• _Instructions for the task_: The reply must contain exactly the lines below from the one with "be quiet! Pure Wings 2 120mm" down to the one with "Cannondale Bad Boy 2 billede 1", both included, and nothing more; please omit the pictures.

• _Dataset records_:
----------------------------------------
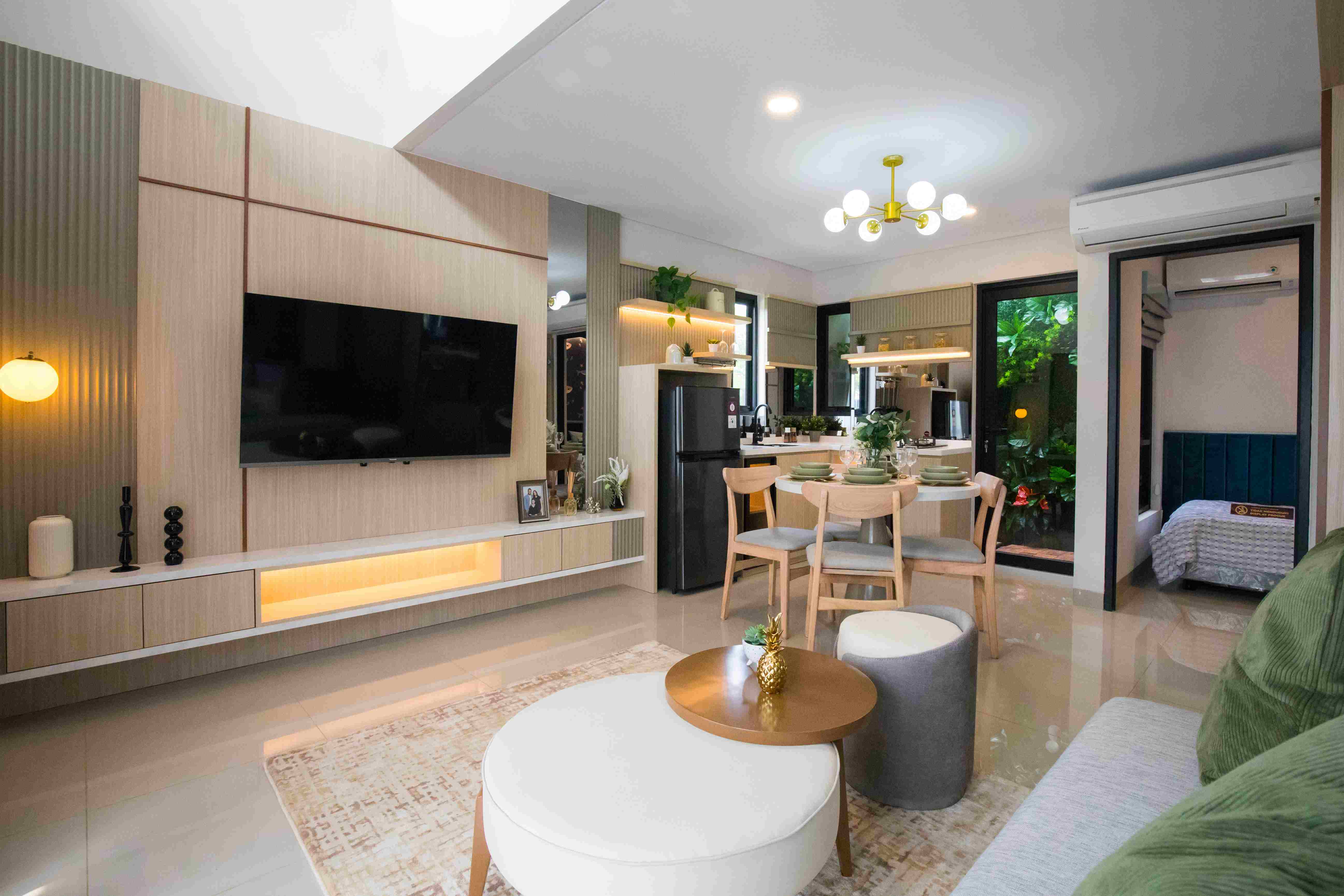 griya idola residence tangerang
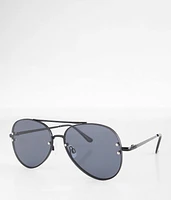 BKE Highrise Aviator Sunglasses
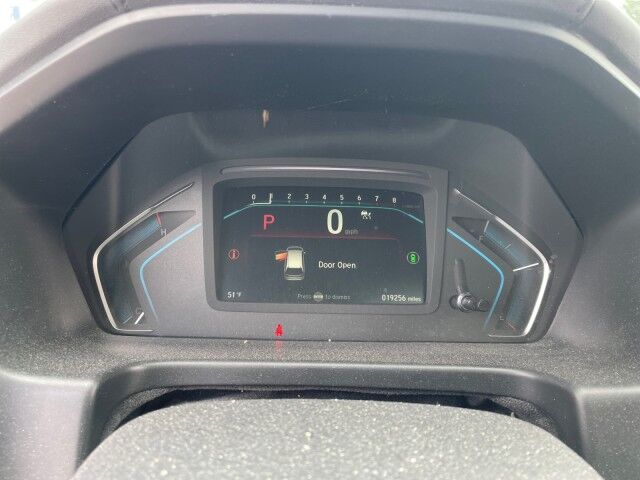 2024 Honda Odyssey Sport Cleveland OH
----------------------------------------
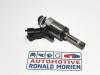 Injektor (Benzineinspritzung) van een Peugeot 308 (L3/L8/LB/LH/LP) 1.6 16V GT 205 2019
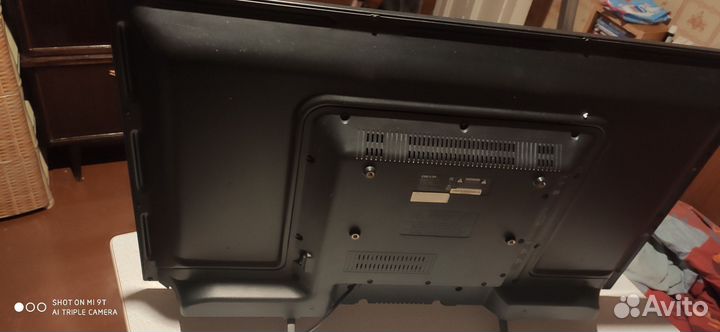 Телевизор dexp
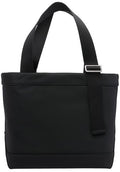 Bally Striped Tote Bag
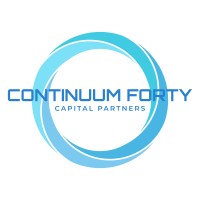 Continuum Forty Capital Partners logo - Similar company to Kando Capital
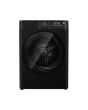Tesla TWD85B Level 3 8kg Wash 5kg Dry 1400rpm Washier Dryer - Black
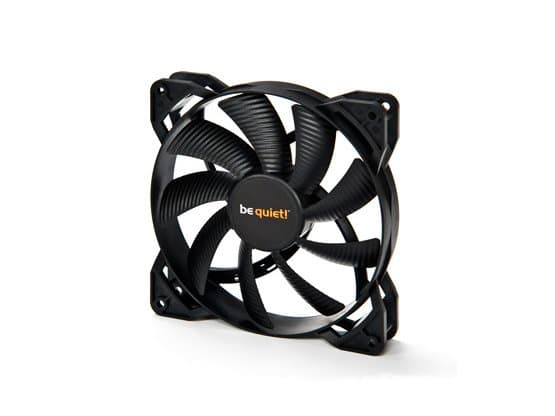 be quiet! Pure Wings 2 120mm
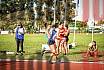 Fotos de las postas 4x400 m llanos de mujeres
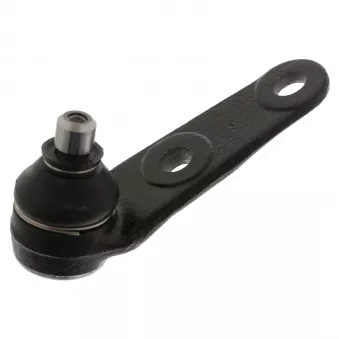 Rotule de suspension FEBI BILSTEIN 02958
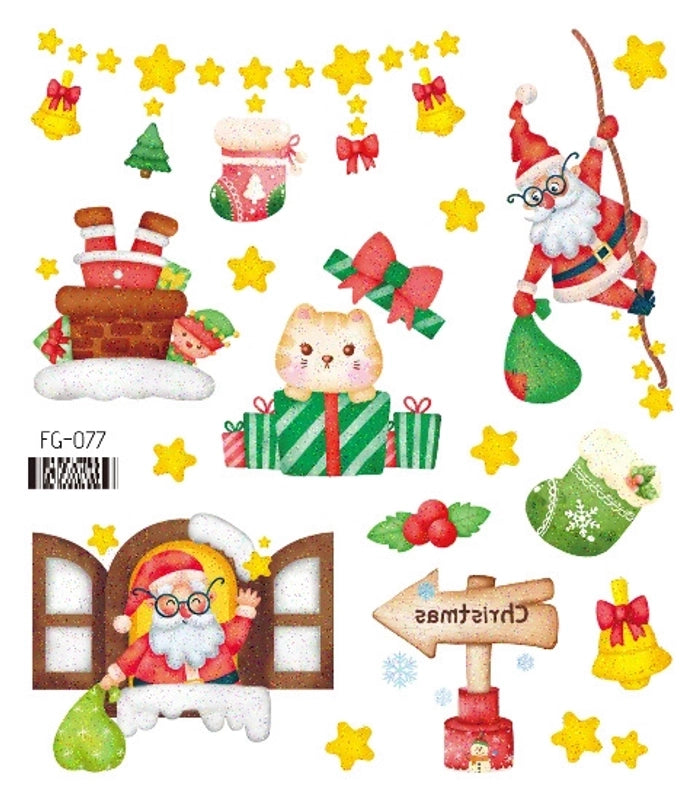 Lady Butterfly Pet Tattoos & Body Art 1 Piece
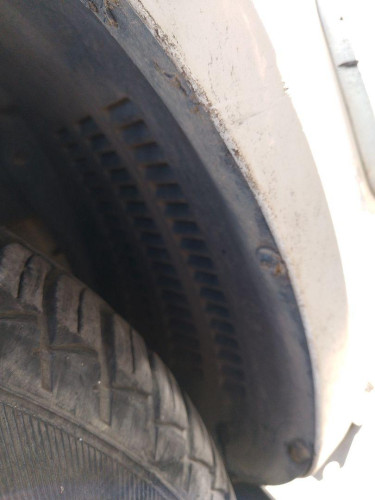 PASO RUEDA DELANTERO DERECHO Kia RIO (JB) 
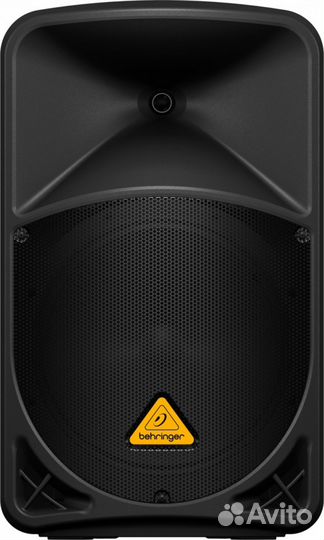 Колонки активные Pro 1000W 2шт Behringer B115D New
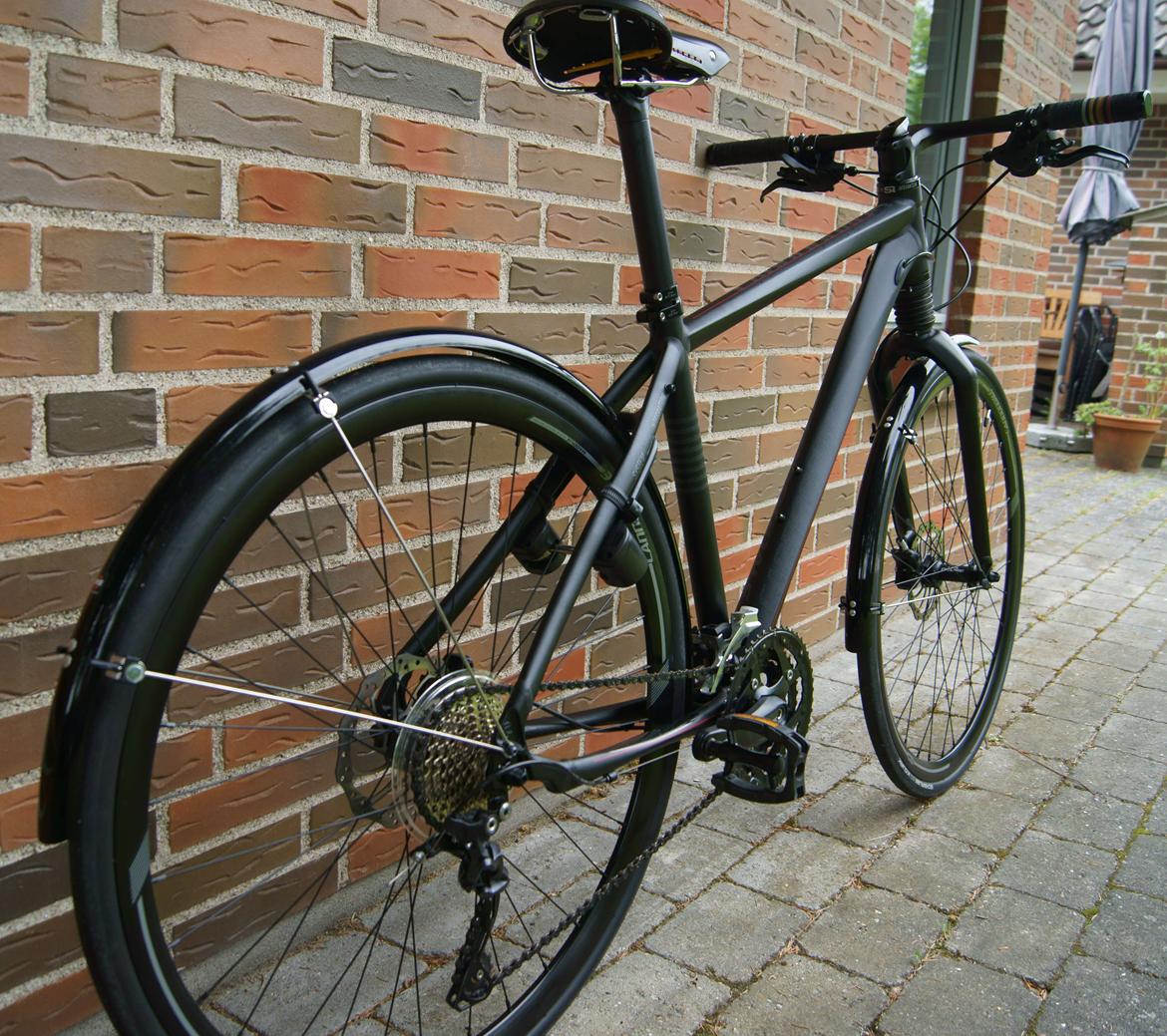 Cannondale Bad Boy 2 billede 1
----------------------------------------
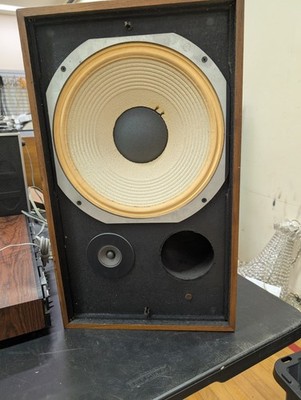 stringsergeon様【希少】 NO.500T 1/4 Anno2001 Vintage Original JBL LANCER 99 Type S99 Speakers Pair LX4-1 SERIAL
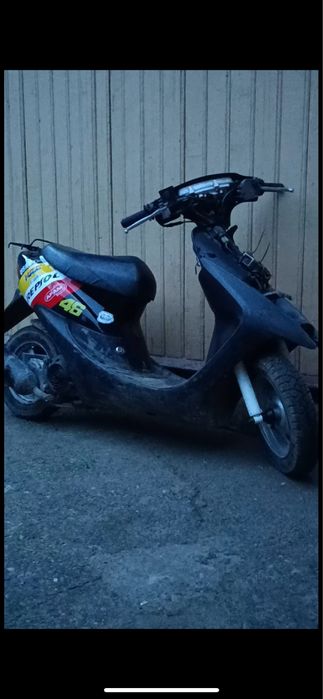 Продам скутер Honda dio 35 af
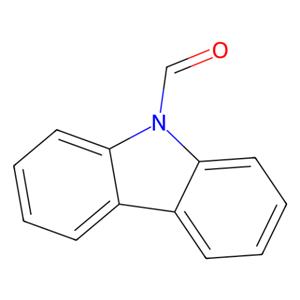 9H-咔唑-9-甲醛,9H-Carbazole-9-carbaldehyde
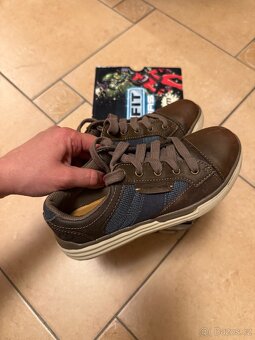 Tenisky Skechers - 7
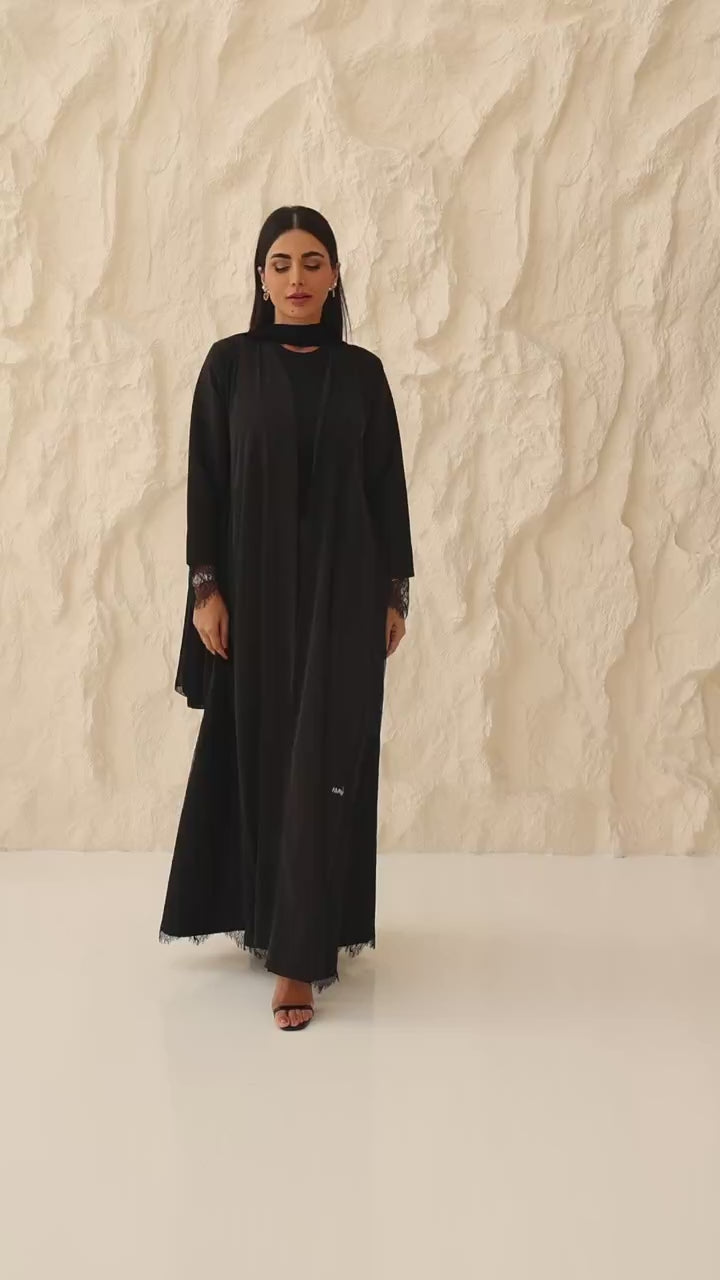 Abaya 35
----------------------------------------
• _Response_:
 be quiet! Pure Wings 2 120mm
 Fotos de las postas 4x400 m llanos de mujeres
 Rotule de suspension FEBI BILSTEIN 02958
 Lady Butterfly Pet Tattoos & Body Art 1 Piece
 PASO RUEDA DELANTERO DERECHO Kia RIO (JB) 
 Колонки активные Pro 1000W 2шт Behringer B115D New
 Cannondale Bad Boy 2 billede 1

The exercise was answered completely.